WHAT THIS TASK INVOLVES
Look through the material below. Return exactly the lines from the one with "Deglutition: Swallowing •" through the one with "移栽大樹要掛樹木輸液袋，樹木吊針液哪個好？", both included.

DATASET RECORDS
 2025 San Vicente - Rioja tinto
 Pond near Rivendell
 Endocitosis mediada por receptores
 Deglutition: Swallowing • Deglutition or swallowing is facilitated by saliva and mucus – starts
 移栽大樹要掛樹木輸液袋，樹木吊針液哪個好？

...

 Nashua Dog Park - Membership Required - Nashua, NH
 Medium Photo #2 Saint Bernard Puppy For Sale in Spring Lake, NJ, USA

REPLY
 Deglutition: Swallowing • Deglutition or swallowing is facilitated by saliva and mucus – starts
 移栽大樹要掛樹木輸液袋，樹木吊針液哪個好？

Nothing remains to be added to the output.